I recently had the opportunity to hear some LP recordings of myself from the early 70s when I was still in high school and playing on a new R13. Both records contain solo passages from band and orchestra works that were performed at concerts. I enjoyed what I heard. One thing really stood out though: my sound, while nice, was on the bright side. Perhaps the recording equipment wasn't the best, and it's possible that my sound wasn't really that bright. Still, I'm not going to blame the equipment, and it was probably fairly close to how I actually sounded.

At the time, a bright sound wasn't necessarily bad. That's how many (or most) clarinet players sounded. When I started college about a year after the recordings were made, I accidentally stumbled across a written evaluation from my new professor--which I wasn't supposed to see! It praised my playing, but made the comment that my tone needed to be darker.

Looking back, I think it was one of those things that was more easily said than done. I played on one of the best clarinets available at the time. My mouthpiece, a Sumner, was selected by my professor, and I wasn't given a choice. I played 3 1/2 or 4 Vandoren reeds (only one style available back then, and they weren't always available). I had the model "tight and pulled back" single lip embouchure that was popular.

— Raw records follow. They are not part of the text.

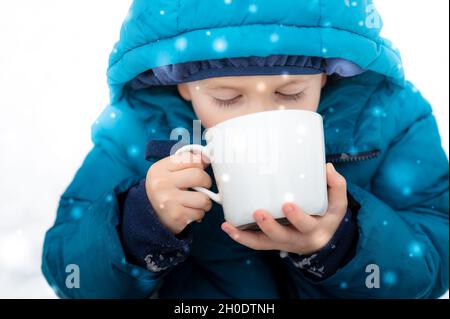 Ragazzino che beve cioccolata calda in una giornata nevosa Foto Stock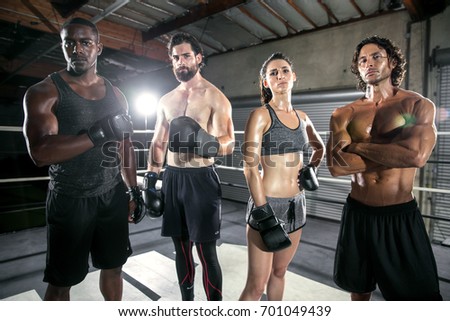 Mixed race group of multiethnic fitness trainers standing together looking intimidating and confident Royalty-Free Stock Photo #701049439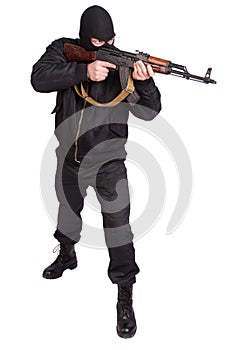 Robber in black uniform and mask with kalashnikov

From what I can remember, I supported my tone with good breath support. After doing all this, my tone, while pleasant, was still a bit bright. What was I to do in the quest for a darker sound? It was so frustrating!

A year or two later, a friend introduced me to Marcellus' recording of the Mozart concerto. I was blown away because he played it so well, but the thing that really jumped out at me was his tone. How did he get such a nice dark sound, a sound different from what my friends and I were producing? Was it his embouchure, his Morre reeds, his great talent, his mouthpiece, or his years of careful practice? It was probably a combination of everything. Here's one question to ponder: would Marcellus have sounded as he did using a tight single lip embouchure (the one I was told to use) and basic Vandoren or Mitchell Lurie reeds? An interesting question.

Morre reeds were around, but very difficult to obtain. In the days before the Internet, the two reed choices were basically Vandoren and Mitchell Lurie
(commonly used by professionals back then).

I'm thankful that there are so many more options available today. I get great results with Rico Reserves, and I wonder how I would have sounded in college if reeds of this type had been available. I also wonder if things would have been different if I had been allowed to try several mouthpieces and choose one that really worked for me.

To get back to the original question, I agree that there should not be a single "correct" clarinet tone quality. I enjoy and appreciate a variety of sounds. Tony has some interesting comments--none of my clarinet teachers in the past ever expressed things that way, but they do make a lot of sense.



Post Edited (2012-06-09 06:20)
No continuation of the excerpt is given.